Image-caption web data
---------------
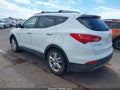 2014 Hyundai Santa Fe — photo 3 of 18 | VIN 5XYZU3LA2EG175160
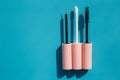 Pink brushes for cosmetics, mascara, liquid lipstick, eyeliner, lip gloss on a blue background Royalty Free Stock Photo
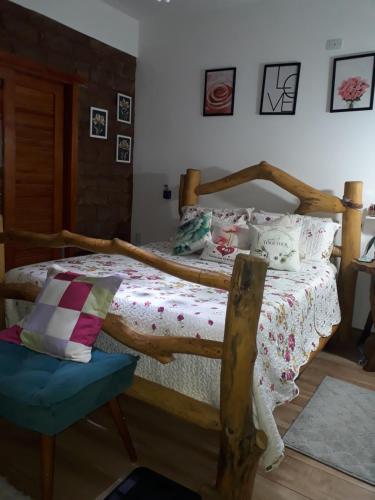 SêrroCasa dos Sonhos Hospedaria的一间卧室配有一张木床和一把椅子
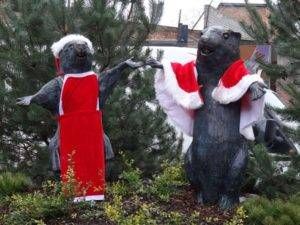 Mr. and Mrs. Beaver statues in the C.S. Lewis Square in Belfast - They are outfitted in Santa hats and cloaks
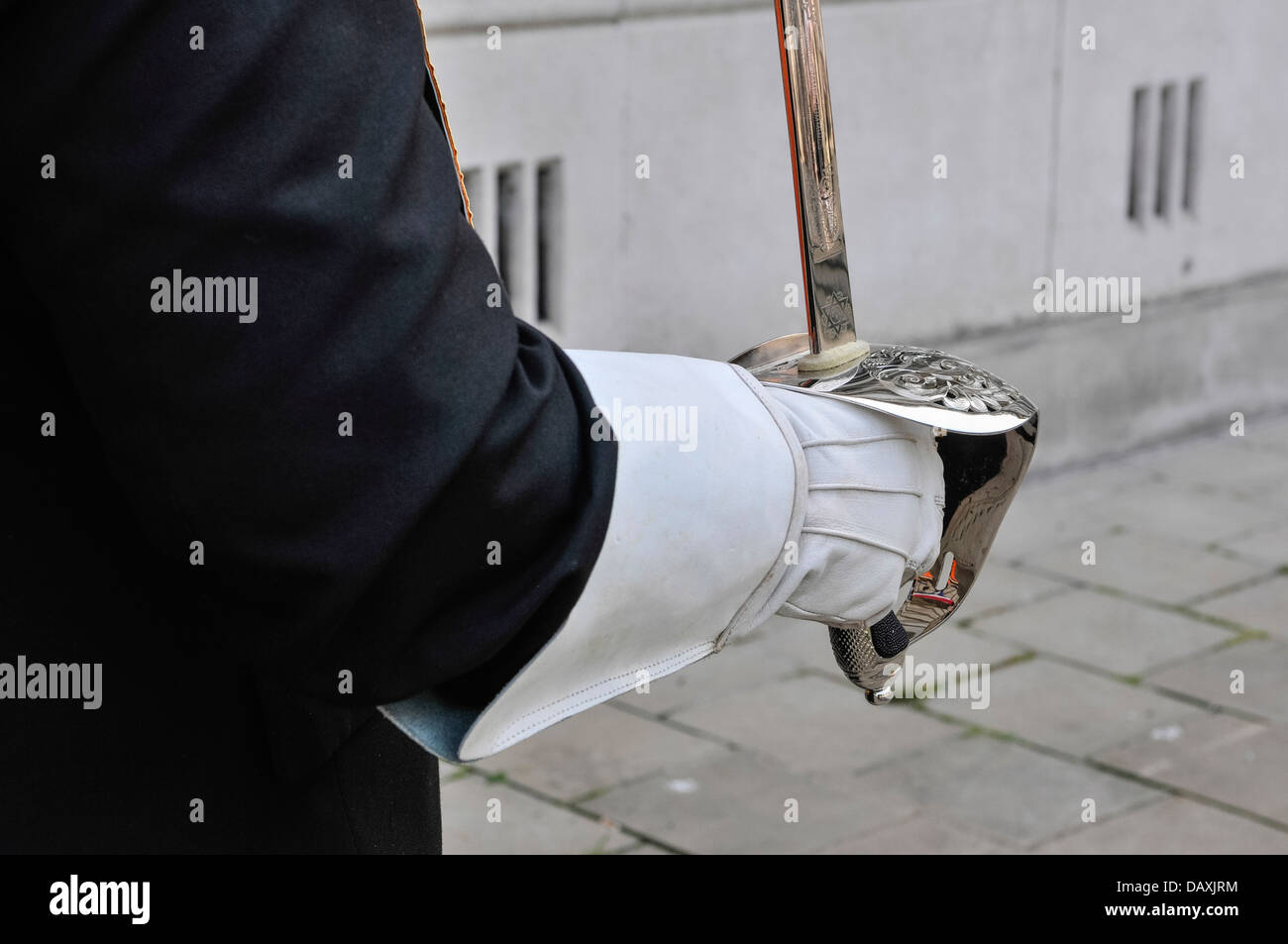 An Orangeman wears a glove and holds a ceremonial sword Stock Photo
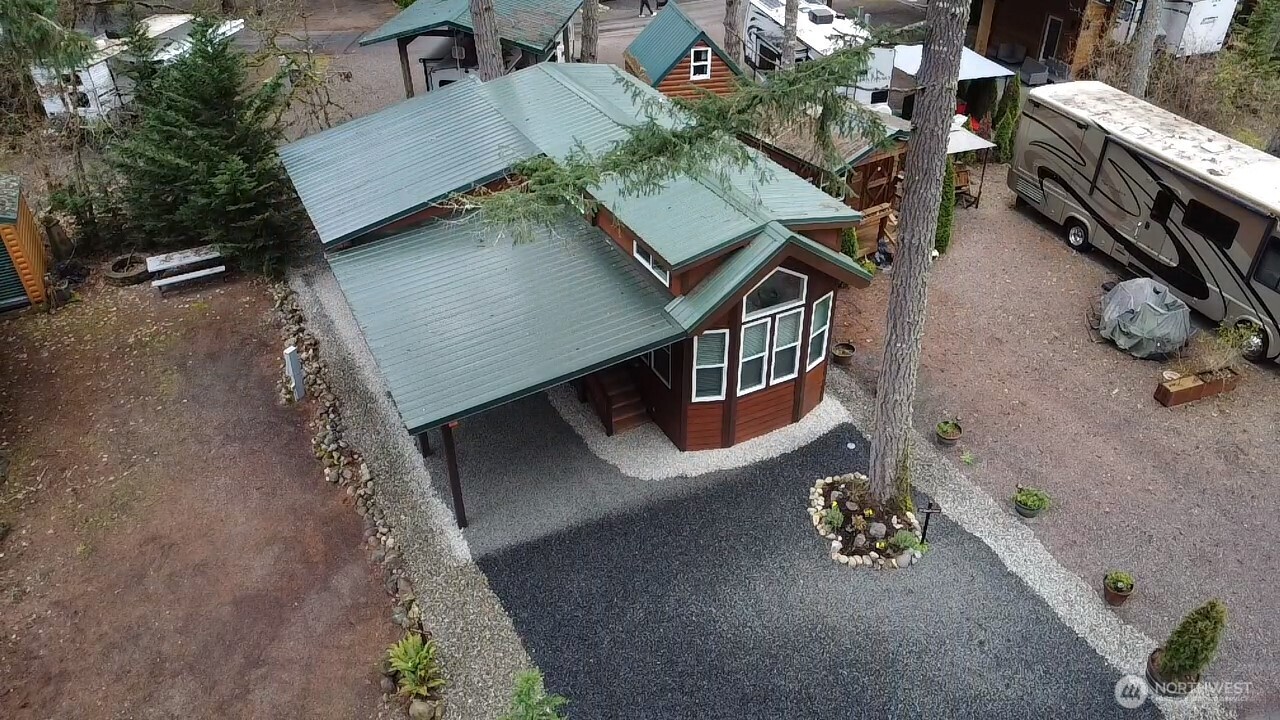 1546 Reservation Road Southeast, Unit 232 Olympia, WA 98513 - Photo 37 of 37 an aerial view of a house with outdoor space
---------------
> [ACTIVITY] Print, exactly and only, the lines running from the line with "Mr. and Mrs." through the last line of the data, including both. Skip any picture.

> [REPLY]
 Mr. and Mrs. Beaver statues in the C.S. Lewis Square in Belfast - They are outfitted in Santa hats and cloaks
 An Orangeman wears a glove and holds a ceremonial sword Stock Photo
 1546 Reservation Road Southeast, Unit 232 Olympia, WA 98513 - Photo 37 of 37 an aerial view of a house with outdoor space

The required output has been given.